Febre



Publicado também no blog Entre-primos e no blog Rua Balsa das 10.

Eu já deveria ter escrito este texto há muito tempo, mas só agora decidi escrever. Ele fala de uma experiência absolutamente surpreendente que eu costumo falar quando falo do projeto que eu e um grupo de colegas criamos em 2010 chamado “Liga de Educação em Saúde” com a proposta de adentrar a comunidade e sair um pouco do academicismo universitário, tentar participar das experiências da comunidade. Eu vivenciei esta experiência em 2011 no grupo que realizávamos atividades, uma turma de Educação de Jovens e adultos (EJA), no Centro de Atenção Integral à Criança e ao Adolescente localizado na comunidade do Campus Carreiros na cidade de Rio Grande, RS.

A Liga de Educação em Saúde, a qual chamamos carinhosamente de “LES”, sempre tentou ao máximo, e com o amadurecimento do projeto criar um ambiente de conversa com a comunidade, uma experiência de trocas, para uma construção conjunta do conhecimento e não uma forma verticalizada com palestras ou os “futuros médicos levando todo o seu conhecimento para a comunidade”, nós queremos participar com a comunidade, a parte mais importante aqui são as preposições: com e não para.
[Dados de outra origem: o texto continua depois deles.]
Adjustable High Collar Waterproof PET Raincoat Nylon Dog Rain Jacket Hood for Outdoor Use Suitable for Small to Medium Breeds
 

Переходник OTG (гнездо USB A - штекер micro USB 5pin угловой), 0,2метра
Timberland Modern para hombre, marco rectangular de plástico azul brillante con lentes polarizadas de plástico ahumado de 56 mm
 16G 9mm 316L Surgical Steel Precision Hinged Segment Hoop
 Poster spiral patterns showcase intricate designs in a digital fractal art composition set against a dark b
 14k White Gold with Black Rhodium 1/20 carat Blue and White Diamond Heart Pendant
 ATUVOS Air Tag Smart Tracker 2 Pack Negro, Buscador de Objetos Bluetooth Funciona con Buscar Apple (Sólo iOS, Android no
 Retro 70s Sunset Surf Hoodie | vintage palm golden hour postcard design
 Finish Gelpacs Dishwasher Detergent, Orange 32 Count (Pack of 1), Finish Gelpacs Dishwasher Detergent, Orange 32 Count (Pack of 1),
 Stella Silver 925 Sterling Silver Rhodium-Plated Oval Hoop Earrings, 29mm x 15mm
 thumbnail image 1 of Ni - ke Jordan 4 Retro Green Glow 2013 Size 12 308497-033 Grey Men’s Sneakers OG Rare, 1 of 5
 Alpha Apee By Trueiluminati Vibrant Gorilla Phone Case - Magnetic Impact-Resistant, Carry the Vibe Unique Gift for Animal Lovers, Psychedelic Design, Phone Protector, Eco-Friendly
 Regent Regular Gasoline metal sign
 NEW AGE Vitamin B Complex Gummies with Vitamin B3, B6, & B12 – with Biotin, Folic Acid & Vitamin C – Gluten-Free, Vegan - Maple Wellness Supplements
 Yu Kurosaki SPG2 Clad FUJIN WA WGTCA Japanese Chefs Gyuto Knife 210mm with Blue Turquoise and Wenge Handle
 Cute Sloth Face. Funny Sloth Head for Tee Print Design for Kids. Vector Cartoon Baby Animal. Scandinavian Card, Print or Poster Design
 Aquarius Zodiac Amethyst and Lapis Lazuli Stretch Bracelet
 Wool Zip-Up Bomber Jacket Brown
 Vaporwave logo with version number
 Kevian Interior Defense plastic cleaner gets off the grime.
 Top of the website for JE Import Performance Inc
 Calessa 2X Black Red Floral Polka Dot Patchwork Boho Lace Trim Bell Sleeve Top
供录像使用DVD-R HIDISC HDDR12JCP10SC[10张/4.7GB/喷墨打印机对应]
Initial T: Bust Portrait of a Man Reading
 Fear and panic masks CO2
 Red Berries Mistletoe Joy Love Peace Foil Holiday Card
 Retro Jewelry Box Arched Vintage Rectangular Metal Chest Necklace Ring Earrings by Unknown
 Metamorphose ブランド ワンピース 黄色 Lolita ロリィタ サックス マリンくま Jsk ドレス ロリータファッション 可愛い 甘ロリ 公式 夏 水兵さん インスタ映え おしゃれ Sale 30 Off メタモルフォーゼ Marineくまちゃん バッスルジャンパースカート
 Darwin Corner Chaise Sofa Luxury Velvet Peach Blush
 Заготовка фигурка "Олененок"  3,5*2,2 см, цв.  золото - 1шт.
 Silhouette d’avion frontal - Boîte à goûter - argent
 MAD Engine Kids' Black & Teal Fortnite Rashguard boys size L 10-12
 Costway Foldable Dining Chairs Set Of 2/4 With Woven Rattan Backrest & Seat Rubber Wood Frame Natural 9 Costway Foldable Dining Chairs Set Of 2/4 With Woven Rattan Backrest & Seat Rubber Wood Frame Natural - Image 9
Então em uma das últimas reuniões do ano de 2011 estávamos conversando com um grupo do EJA que já tínhamos criado o vínculo durante todo o ano. Eles pediram para nessa reunião conversarmos sobre “infecções”, sobre o que eram as infecções. E estávamos conversando sobre o que era infecção, como eles tinham vivenciado isso, e logo eu entrei no assunto “febre” comentando que era um dos sinais de infecção.

Enquanto eu comentava sobre isso e todos me olhavam com olhos atentos, uma senhora perguntou para mim abertamente: “Como é isso de febre, o que é febre, nunca entendi isso do termômetro direito”. Então eu decidi perguntar frente aquelas 15 pessoas que eram pais, avós, filhos se eles sabiam usar o termômetro. E pasmem: ninguém sabia. Eram pais que tinham criado filhos, avós que tinham criado pais, e eram filhos também. Eram pessoas que já tinha adoecido, já tinham vivenciado a febre e nenhum sabia como usar um termômetro.

Aí eu consegui explicar como usava, e eles ficaram tão emocionados e felizes. Sabe, usar o termômetro é aquele conhecimento que eu adquiri nem me lembro quando, antes de entrar na universidade e nunca havia me questionado, ou questionado alguém sobre se ele sabia ou não usar um termômetro.

E a minha mente questionava-se muito insistentemente: “O que adianta eu receitar determinado remédio se febre se muitos não sabem usar um termômetro?”. Bom aí começa um dos maiores questionamentos: “porque a medicina é tão distante? Mal compreendemos os nossos pacientes e eles mal nos compreendem”. Não saberem usar um termômetro abriu um horizonte muito grande na minha perspectiva, foram novas caminhos de compreensão. E compreendo o significado indizível de saber utilizar um termômetro com eles.

Saber o que significava a febre que falaram durante tanto tempo para eles e em nenhum momento tentaram compreender com eles o significado desta palavra foi algo simples para quem vê de fora, e muito profundo para quem compreende por dentro. Para mim fica a certeza, que jamais receitarei nada “se febre” sem antes saber e me envolver no universo entre eu e o paciente no significado da febre e do termômetro.